Strange question from my chat session on Tuesday: "Time to blow up the Giants? Keep Posey, Bumgarner and start over?" I mean ... the Giants are holding one of the wild cards and at five games behind the Dodgers remain in shouting distance of the division title.
Anyway, while Clayton Kershaw has owned all the publicity allowed for left-handers on the West Coast, Bumgarner has quietly put together another Bumgarner season. It seems like he must be 30 years old already, but he just turned 25 earlier this month. He's young enough that if you were to bet on one active pitcher to win 300 games, you'd probably bet on Bumgarner; him or Felix Hernandez, I guess.
Madison Bumgarner mowed down the Rockies with his characteristic pitch efficiency.
All that is a way of getting to Tuesday's game. It may not have been Bumgarner's most impressive performance of his career -- he did, after all, pitch eight shutout innings of three-hit baseball in Game 4 of the 2010 World Series as a 21-year-old rookie -- but it was certainly was the most dominant from a pure statistical point of view. Bumgarner took a perfect game against the Rockies into the eighth inning (with help from a great catch in left field by Gregor Blanco and a close call at first base that the Rockies didn't challenge), ruined when Justin Morneau lined a leadoff double into the right-field corner on a 1-2 curveball. It was actually a pretty good pitch, down below the knees, but Morneau managed to hook it just fair with sort of a half swing.
Bumgarner's final line: 9 IP, 1 H, 0 R, 0 BB, 13 K's. Similar to Kershaw's no-hitter against the Rockies in which he struck out 15 with just the one runner reaching via error. Bumgarner's Game Score of 98 is second-best in the majors behind Kershaw's 102; unfortunately for Bumgarner, that's kind of par for the course for him -- just behind Kershaw. Although I'm sure Kershaw wouldn't mind owning Bumgarner's two World Series rings.

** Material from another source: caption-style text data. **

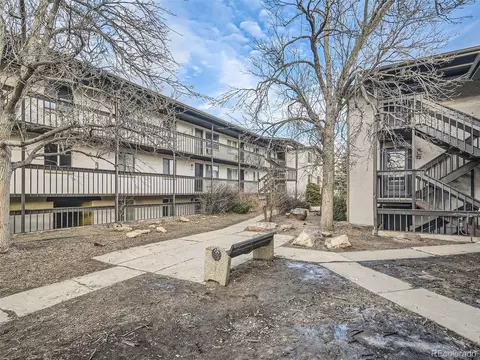 875 S Quebec St #16, Denver, CO 80247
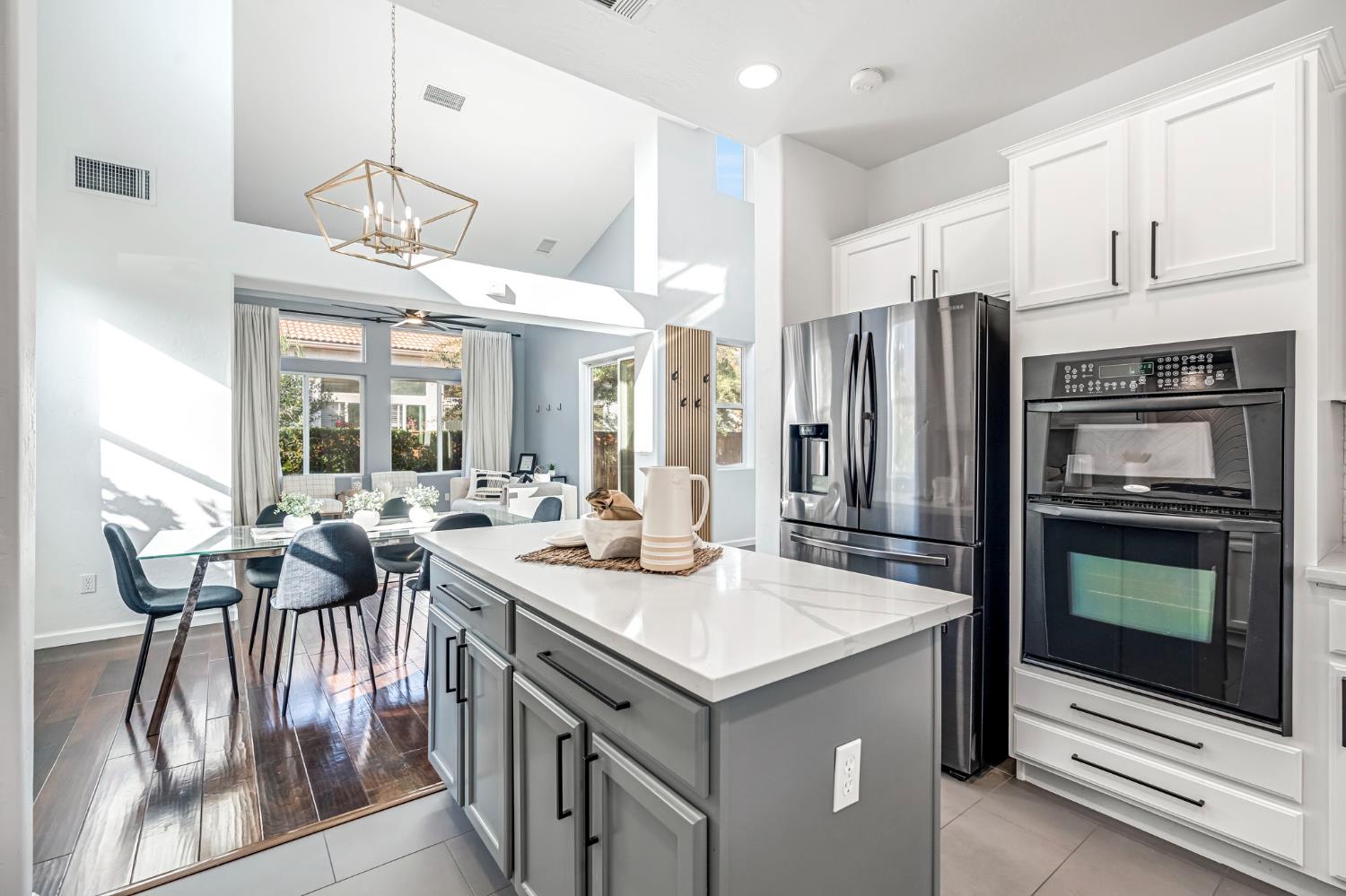 1856 N La Rue Ln, Clovis, CA 93619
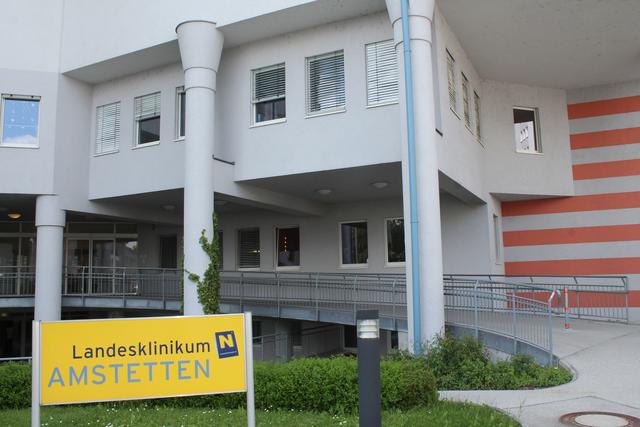 4514839, Raum Amstetten/Melk. lteres Paar, mollige Sie, sucht entweder Paare oder Frau allei- ne, bieten Anschluss, suchen auch Bi-Mann, NR. & 0650/. Erotik Partnersuche - rematesbancarios.com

Bumgarner threw just 103 pitches against the Rockies, never more than 15 in one inning; that's his trademark, efficiency. He's usually able to pitch to deep into games without running up big pitch counts, although Bruce Bochy has taken the reins off a little this season and Bumgarner should sail past his career high of 208.1 innings in 2012. He was able to dominate the Rockies primarily with his fastball -- 30 two-seamers and 42 four-seamers, 57 of those 72 pitches for strikes. Nothing fancy going on here. It was really pitching at its most basic: Move your fastball around all quadrants of the zone, throwing nothing down the middle, mixing in a few offspeed pitches (although eight of his 13 K's came on fastballs).
While the Dodgers remain the heavy favorite to win the West, the Giants do have six games remaining against their rivals from Southern California. Certainly, the Giants' rotation is in scramble mode with Matt Cain out for the season and Tim Lincecum demoted to the bullpen -- at least for one start -- but one hot stretch by the Giants will make late September very interesting.
Realistically, of course, Gordon has no shot. As good as he is in left field, the voters aren't going to give that a lot of emphasis. He ranks 18th in the AL in OBP, 21st in slugging, 19th in runs and 29th in RBIs. As we saw the past two years with Miguel Cabrera, the MVP Award is an offensive award ... although if the Royals make the playoffs, that will certainly help him finish in the top five.
3. Pennant fever slow to catch on in Kansas City and Baltimore.
The Royals and Orioles are in first place and played at home on Tuesday. The Astros outdrew both teams.
In non-pennant race news, the heralded Cubs rookie went 0-for-4 with four strikeouts in the Cubs' 3-0 win over Johnny Cueto (Anthony Rizzo with his 30th home run). Baez has seven home runs in 21 games, but has also struck out an astounding 40 times in 90 plate appearances and already has four four-strikeout games. He's hitting .198 with just four walks. The talent is enormous and he's very young, but there's a chance he's more Dave Kingman in the long run or, as a reader compared on Twitter, a second-base version of the Astros' Chris Carter (which would be a valuable player, just not a huge star).
5. Put the fork in the Blue Jays.
Seven runs in the 11th inning? Ouch. The Jays lost 11-7 to Red Sox (they made it interesting with four runs of their own) to fall to .500. They're now 6.5 out of the second wild card with four teams ahead of them. Too many games, too many teams. The promise of early June -- they led the division by six games on June 6 -- is long gone.